VerseDay 4-4-2019

 

 

What We Lost In The Fire

 

The favorite,

The only.

The irreplaceable

Warmth of need

Burned down to ashes

And the lies we told ourselves

To keep it from leaving

Gone.

Orange and black wisps in swirls of wind

We destructive pillars

That love

only to destroy

That shield

only to suffocate

That want

only to deny.

Fickle-hearted arsonists,

Love and burn

Cherish and consume

Better to see objects of affection destroyed

Than ever set free.

Rather let the memory burn,

an inextinguishable flame

Than free ourselves from the shackles of desire.

Never understanding,

how much of ourselves sits smoldering alongside

Until all we are

Is ash and loss.

Undiscovered You

 

Now, I know last week I talked about taking life down a notch, enjoying the time we have and not stressing about impressing others. And I was honest in my expression of those thoughts.

Then what did I do? I turned around and signed up for a writing challenge last weekend, sponsored by the lovely folks at Rocky Mountain Fiction Writers, a volunteer group based in Colorado. The challenge was done through a dedicated page on FaceBook and the aspiration was to reach 25,000 words in 4 days, with daily check ins.

Novelrama

 

I know. I know. I said I wasn’t going to push beyond what I needed and no one needs to finish a novella or half a novel in four days. That being said, of the few things in life that bring me true joy, writing is one. So to have a challenge that gives me reason to put my writing first above all other priorities was very good for my practice and for my mental health. I had a justifiable reason to get on the computer, shut out the world and work. I had a goal to get to!

And here’s what I learned:

1.) Sometimes a thing seems impossible; until it’s not.

That is to say, that mountain looks insane and unclimbable when all you’re doing is standing at the base looking up at the top. But if you start walking and focus on the trail ahead of you, taking on the obstacles in your present moment one at a time, soon you’ve found you’ve reached the next rise… and the next, and the next.

Large things aren’t accomplished in one step. They are accomplished by persevering through all of the little steps on the way.

2.) My family didn’t fall apart when I retreated into my writing for a while.

Sure…eventually if you lock yourself away in hermitude, giving everything you have to your craft, your children forget they had a mom, your spouse doesn’t remember what you look like, and all your houseplants will die.

But nine times out of ten, when you need an hour to focus on your work in progress, your kids and family and houseplants will manage just fine. They might even be better for it, having been so bored for so long that they had to go and make their own fun.

In your life, the laundry can wait, the e-mails, the FaceBook updates, the schedules etc, can take a back burner temporarily while you work on a dream.

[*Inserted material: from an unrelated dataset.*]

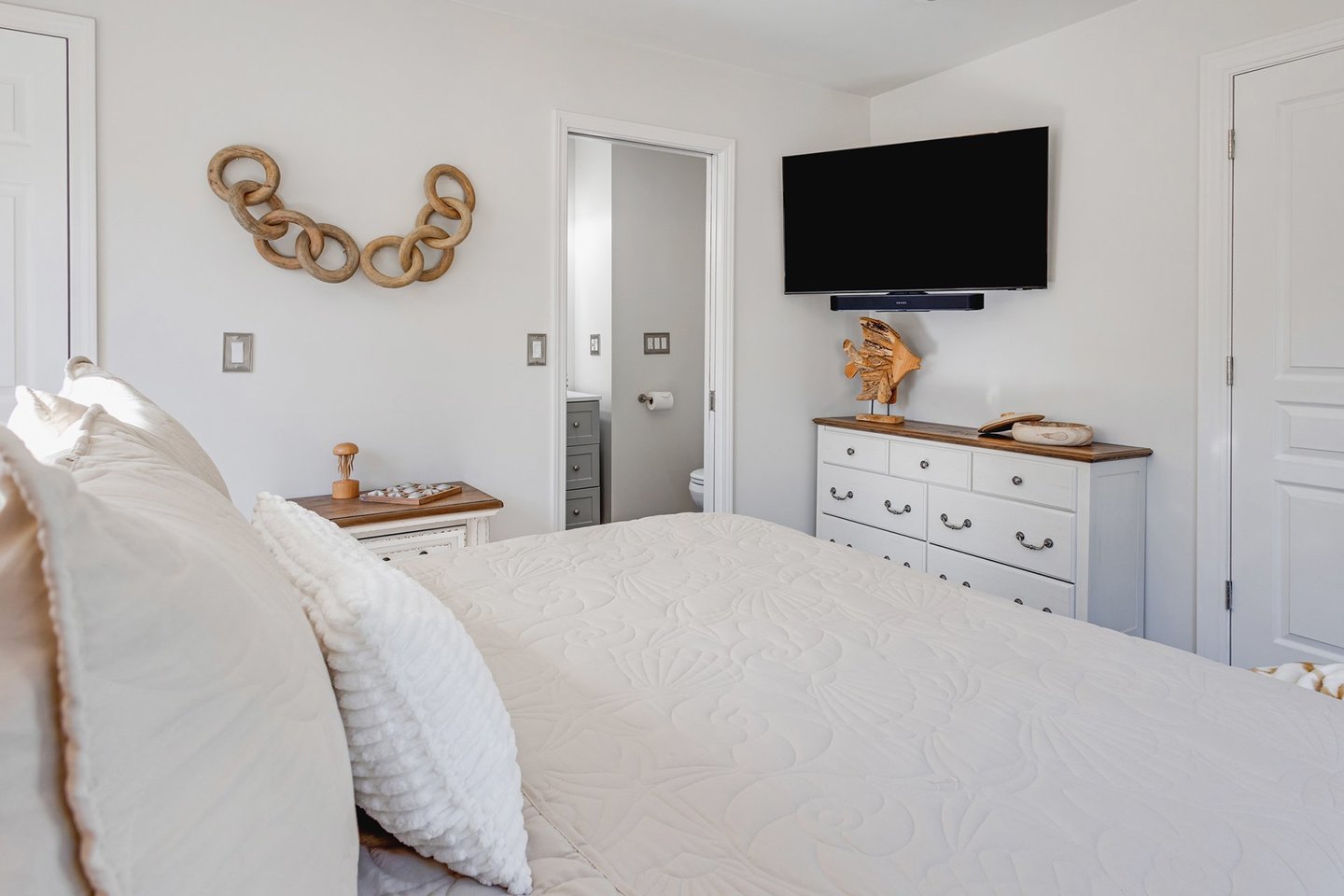 Relax in this queen bed and watch your favorite late night programs.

3.) Writer’s block sort of disappears when you don’t have the time to self-edit or doubt.

Now listen, this thing I wrote is rough. I mean ROUGH.

The spelling, the punctuation, the grammar, the inconsistent plot line and character flaws… the total lack of reasoning in some cases…it’s a bonafide mess. But it’s also raw and flowing. There were no stutter stops or abrupt changes because I didn’t have time to stop and rethink. Character’s said what they meant, and did it efficiently because I had a story-line to build. And I think my ability to follow the character’s lead improved, letting them do what they do without my intervention led to a more interesting twists, and brighter characters.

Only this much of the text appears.